Hermat Gangapersad

Personal information
- Born: 19 June 1969 (age 57) Laslomas#2 , Trinidad
- Batting: Left-handed
- Role: Wicket-keeper

Domestic team information
- 1987–1993: Trinidad and Tobago (West Indies)and West Indies Youth Cricket .
- Source: CricketArchive, 6 April 2016

= Hermat Gangapersad =

Trinidad and Tobago cricketer (born 1969)

Hermat Gangapersad (born 19 June 1969) is a former Trinidadian cricketer who represented the Trinidad and Tobago national team in West Indian domestic cricket. He played as a wicket-keeper.

Gangapersad represented the West Indies under-19s at the 1988 Youth World Cup in Australia. He scored only 97 runs from eight innings, but recorded 15 dismissals while keeping wicket, second only to Australia's Darren Berry overall.

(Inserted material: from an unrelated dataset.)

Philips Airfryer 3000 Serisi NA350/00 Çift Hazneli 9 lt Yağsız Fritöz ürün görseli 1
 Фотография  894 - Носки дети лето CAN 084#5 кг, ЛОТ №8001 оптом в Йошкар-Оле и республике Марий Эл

Gangapersad had made his first-class debut for Trinidad and Tobago almost a year before the World Cup, playing a Shell Shield match against Guyana at the age of 17. He made semi-regular appearances at that level over the following seasons, but then migrated to the United States when he played cricket throughout the NY Tri- state areas His highest first-class score (and only half-century) was an innings of 50 runs made against the Windward Islands in January 1993.